INVESTORS COOL ON AUDIT CONVERGENCE
Convergence of US and international accounting standards is less important than making accounting rules more relevant to investment decisions, according to a poll of investors.
A survey by CFA Institute, an international association of more than 16,000 investment professionals, showed that three quarters of respondents believe that improving standards so they are more useful for making investment decisions is “at least as important if not more important” than reducing complexity or convergence.

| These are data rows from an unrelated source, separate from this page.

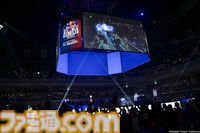 『VALORANT』敗戦に涙するほど本気だからeスポーツはおもしろい。世界3位から一転、苦難の日本勢に翼をさずける両国国技館決戦【Red Bull Home Ground 2024】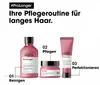 L'Oreal Professionnel, Serie Expert Pro Longer, Hair Náhľad obrázku produktu 5
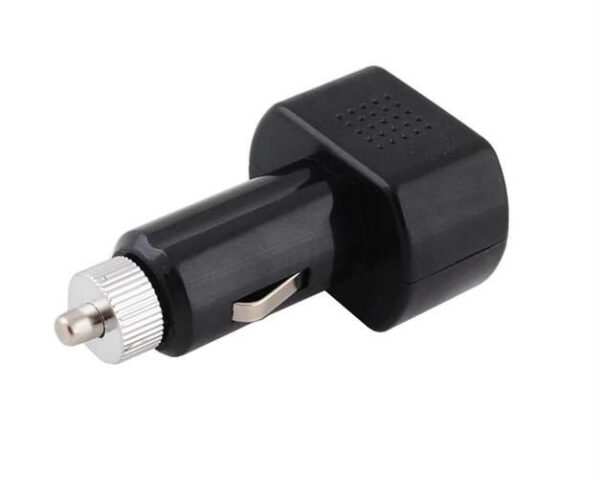 Voltmeter 12V - Image 7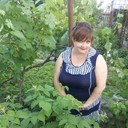  ,   , 54 ,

HAMMERSON COMPLETES SHOPPING CENTRE DEAL
Hammerson has completed the largest acquisition by a real estate investment trust this year with a £297m deal to buy the Silverburn shopping centre near Glasgow in partnership with the Canada Pension Plan Investment Board. The centre was in effect sold by Lloyds Banking Group after the owner went into receivership. It is the latest sign that the bank is taking a harder line on problem property loans.
DEVELOPERS SUSPEND SHOPPING CENTRE PROJECTS
The recent spate of shopping centres welcoming customers for the first time is, it seems, about to end. The amount of shopping centre floor space under construction is barely half that of last year and about 60 per cent below the levels seen in late 2007. According to data from Colliers CRE, only 2.7m sq ft (240,000 sq m) of new shopping centre space is set to open next year, compared with a record eight million sq ft last year.
BP PROMISES LEGAL BATTLE OVER $100M TEXAS CITY AWARD
A $100m (£62m) award imposed on BP for safety infringements at its troubled Texas City refinery is likely to be cut to a fraction of that figure, legal experts believe. The oil giant is planning to appeal against the damages awarded.
The Daily Telegraph
BRITAIN’S BANKS TO HOLD BACK RECOVERY, WARNS S&P
Britain’s banks will hold back an economic recovery due to their “significant debt burden”, one of the world’s leading credit rating agencies has warned. Standard & Poor’s yesterday lowered the collective rating of Britain’s banks in anticipation of “high credit losses”.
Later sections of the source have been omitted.